The twilight died in the west as well as the east, and darkness came over the field of gigantic strife. But the earth continued to quiver with the thunder of artillery, and John felt the waves of air pulsing in his ears. Now and then searchlights burned in a white blaze across the hills. Fields, trees and houses would stand out for a moment, and then be gone absolutely.

John's vivid imagination turned the whole into a storm at night. The artillery was the thunder and the flare of the searchlights was the lightning. His mind created, for a little while, the illusion that the combat had pa.s.sed out of the hands of man and that nature was at work.

He and Fleury ceased to talk and he walked on, thinking little of his destination. He had no sense of weariness, nor of any physical need at all.

Von Arnheim rode up by his side and said:

”You'll not have to walk much further, Mr. Scott. A camp of ours is just beyond a brook, not more than a few hundred yards away, and the prisoners will stay there for the night. I'm sorry to find you among the French fighting against us. We Germans expected American sympathy.

There is so much German blood in the United States.”

”But, as I told Captain von Boehlen, we're a republic, and we're democrats. In many of the big ideas there's a gulf between us and Germany so wide that it can never be bridged. This war has made clear the enormous difference.”

Von Arnheim sighed.

”And yet, as a people, we like each other personally,” he said.

”That's so, but as nations we diverge absolutely.”

”Perhaps, I can't dispute it. But here is our camp. You'll be treated well. We Germans are not barbarians, as our enemies allege.”

John saw fires burning in an ancient wood, through which a clear brook ran. The ground was carpeted with bodies, which at first he thought were those of dead men. But they were merely sleepers. German troops in thousands had dropped in their tracks. It was scarcely sleep, but something deeper, a stupor of exhaustion so utter, both mental and physical, that it was like the effect of anesthesia. They lay in every imaginable position, and they stretched away through the forest in scores of thousands.

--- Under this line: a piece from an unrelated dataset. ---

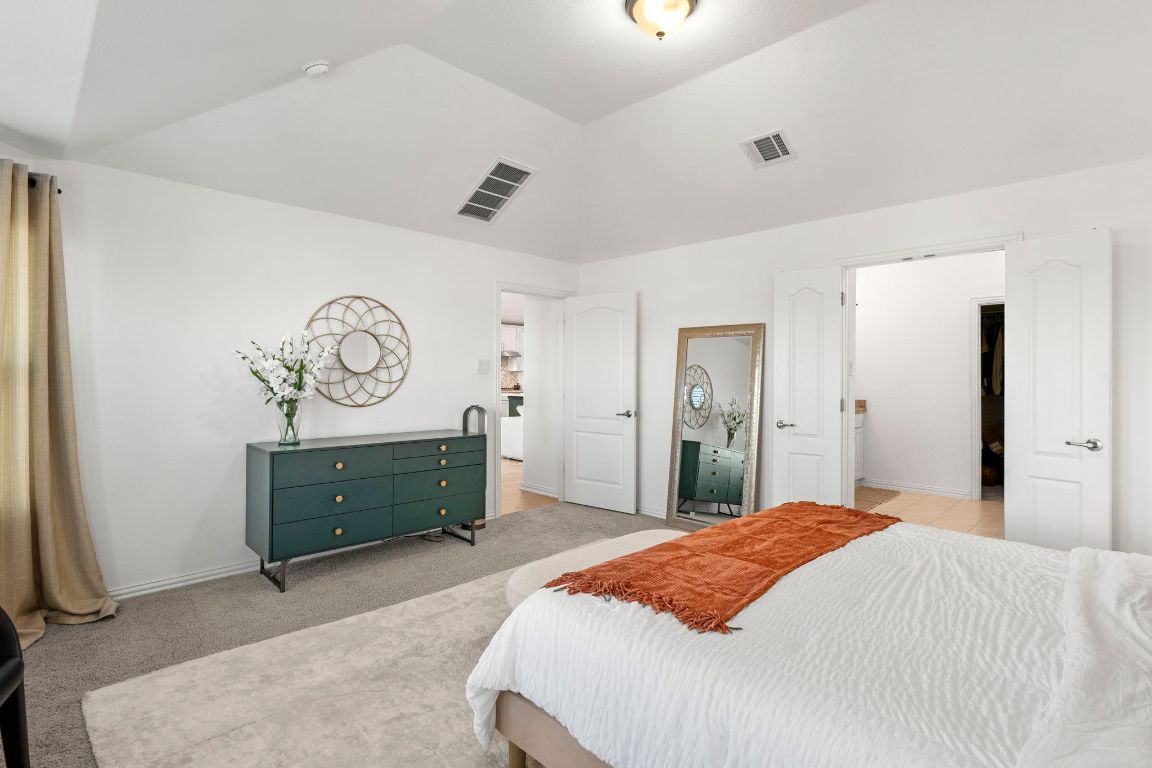 463 Oleander Loop Buda, TX 78610 - Photo 13 of 34 Bedroom with lofted ceiling and light colored carpet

John and Fleury saw their own place at once. Several hundred men in French uniforms were lying or sitting on the ground in a great group near the forest. A few slept, but the others, as well as John could see by the light of the fires, were wide awake.

The sight of the brook gave John a burning thirst, and making a sign to the German guard, who nodded, he knelt and drank. He did not care whether the water was pure or not, most likely it was not, with armies treading their way across it, but as it cut through the dust and grime of his mouth and throat he felt as if a new and more vigorous life were flowing into his veins. After drinking once, twice, and thrice, he sat down on the bank with Fleury, but in a minute or two young von Arnheim came for him.

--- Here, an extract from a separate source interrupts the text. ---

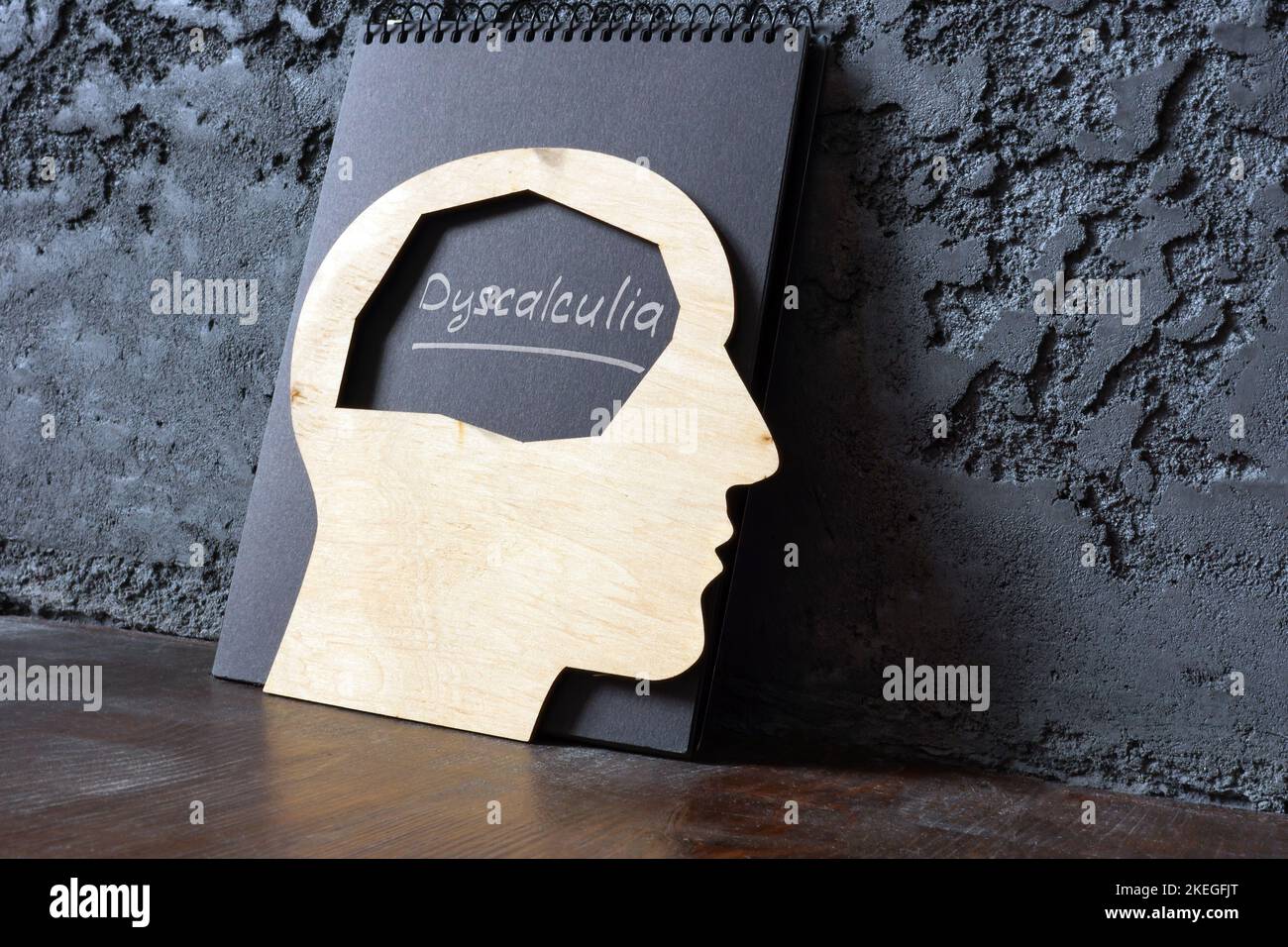 Handwritten word dyscalculia and wooden head shape. Stock Photo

”Our commander wishes to talk with you,” he said.

”I'm honored,” said John, ”but conversation is not one of my strong points.”

”The general will make the conversation,” said von Arnheim, smiling. ”It will be your duty, as he sees it, to answer questions.”

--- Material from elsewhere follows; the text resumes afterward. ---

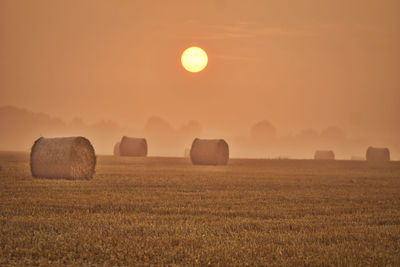 Hay bales on field against sky during sunset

John's liking for von Arnheim grew. He had seldom seen a finer young man. He was frank and open in manner, and bright blue eyes shone in a face that bore every sign of honesty. Official enemies he and von Arnheim were, but real enemies they never could be.

He divined that he would be subjected to a cross-examination, but he had no objection. Moreover, he wanted to see a German general of high degree. Von Arnheim led the way through the woods to a little glade, in which about a dozen officers stood. One of them, the oldest man present, who was obviously in command, stood nearest the fire, holding his helmet in his hand.

The general was past sixty, of medium height, but extremely broad and muscular. His head, bald save for a fringe of white hair, had been reddened by the sun, and his face, with its deep heavy lines and his corded neck, was red, too. He showed age but not weakness. His eyes, small, red and uncommonly keen, gazed from under a white bushy thatch.

He looked like a fierce old dragon to John.